Using a piece of cardboard I began to create a template.
The roughed out template is traced onto a new final template.
A LOT of fitting and refitting is necessary to get the angles and holes right. Make some angle templates too.
This is aircraft grade aluminum, but any type will do. Make sure it isn't too thin, the bulk doesn't add much weight, but it does add stiffness. I marked out the template with a Sharpie pen.
Ok, here I confess I have friends with real equipment. The guy that gave me the aluminum does $1 million a year in government work! I went to another friend's race shop to use the shear and brake and made these bends. You CAN do it with a jigsaw and 2x4s to bend, but the right tools make it a lot easier.
I hit the aluminum with Harry's Makita Palm Sander and some 120 grit just to smooth things out.
Well the downside of using a shear and brake is that I couldn't do the tab in one piece. So I had to TIG weld in the tab. If you use a jigsaw and hand bend, you can just bend this tab to the 90 degree angle.
Here you can see measurement for the holes to drill.

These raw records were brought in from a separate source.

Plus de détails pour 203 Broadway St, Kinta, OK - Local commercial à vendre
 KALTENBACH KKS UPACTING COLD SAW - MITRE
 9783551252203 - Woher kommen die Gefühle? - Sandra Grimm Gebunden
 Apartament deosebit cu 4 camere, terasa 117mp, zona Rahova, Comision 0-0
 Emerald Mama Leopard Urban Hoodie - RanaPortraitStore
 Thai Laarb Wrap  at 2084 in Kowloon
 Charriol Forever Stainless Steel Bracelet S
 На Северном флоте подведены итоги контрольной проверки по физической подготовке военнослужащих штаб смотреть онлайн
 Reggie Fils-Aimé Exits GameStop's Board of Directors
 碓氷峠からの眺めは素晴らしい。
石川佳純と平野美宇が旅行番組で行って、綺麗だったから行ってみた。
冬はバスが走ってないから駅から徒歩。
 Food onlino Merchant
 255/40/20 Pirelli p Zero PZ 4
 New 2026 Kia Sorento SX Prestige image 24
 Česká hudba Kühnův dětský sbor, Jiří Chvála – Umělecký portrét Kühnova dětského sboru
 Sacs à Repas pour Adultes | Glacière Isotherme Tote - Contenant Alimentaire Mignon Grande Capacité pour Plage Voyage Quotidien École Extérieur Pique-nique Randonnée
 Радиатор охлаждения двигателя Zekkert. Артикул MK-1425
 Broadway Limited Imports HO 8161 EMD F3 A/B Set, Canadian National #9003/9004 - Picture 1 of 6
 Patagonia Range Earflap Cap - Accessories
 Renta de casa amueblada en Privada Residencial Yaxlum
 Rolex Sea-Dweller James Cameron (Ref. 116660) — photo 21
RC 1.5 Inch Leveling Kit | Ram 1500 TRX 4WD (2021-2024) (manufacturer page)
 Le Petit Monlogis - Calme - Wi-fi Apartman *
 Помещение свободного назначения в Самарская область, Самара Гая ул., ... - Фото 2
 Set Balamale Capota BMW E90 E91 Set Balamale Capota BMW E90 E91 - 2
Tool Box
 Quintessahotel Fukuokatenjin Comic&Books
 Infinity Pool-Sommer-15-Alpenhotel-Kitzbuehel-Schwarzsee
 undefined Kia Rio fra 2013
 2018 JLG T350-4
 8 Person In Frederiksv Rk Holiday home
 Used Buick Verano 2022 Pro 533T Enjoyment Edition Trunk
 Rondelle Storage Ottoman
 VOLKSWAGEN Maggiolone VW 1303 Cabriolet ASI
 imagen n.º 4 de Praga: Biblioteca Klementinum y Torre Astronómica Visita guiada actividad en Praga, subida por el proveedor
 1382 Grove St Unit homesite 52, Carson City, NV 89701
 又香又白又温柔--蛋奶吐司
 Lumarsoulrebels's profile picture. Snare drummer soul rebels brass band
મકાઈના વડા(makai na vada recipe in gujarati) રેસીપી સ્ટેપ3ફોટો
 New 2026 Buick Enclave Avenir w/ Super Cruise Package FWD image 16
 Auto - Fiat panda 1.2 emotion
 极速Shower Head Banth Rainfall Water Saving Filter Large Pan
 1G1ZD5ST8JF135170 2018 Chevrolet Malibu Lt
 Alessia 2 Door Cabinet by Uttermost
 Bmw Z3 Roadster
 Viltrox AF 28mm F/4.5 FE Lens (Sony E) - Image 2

GO SLOW.
I used two thicknesses of Thermo Tape to isolate the shield from the proportioning valve bracket. No need to conduct heat here!
Another shot of the bent and welded shield. The first hole is from the template. The other two not yet drilled are marked in place.
Two holes drilled and fit, the third (top) is being marked.
All three holes done! At this point I fitted it and drove around. The master cylinder is SIGNIFICANTLY cooler.
Makita Palm Sander 120, 220, 320, 600, 1000, 2000 grit. It's not necessary but I then hit it on my buffer with some rouge. You can substitute Simichrome and some real elbow grease. Final polish is with Aluma-1...amazing stuff, though a bit hard to find. Total time is about an hour.
Looks good, fits well, and no I won't make you one! ;-P
Wow, you can see the turbo downpipe like in a mirror. Good thing I ceramic coated all that stuff so it doesn't reflect a rusty pipe!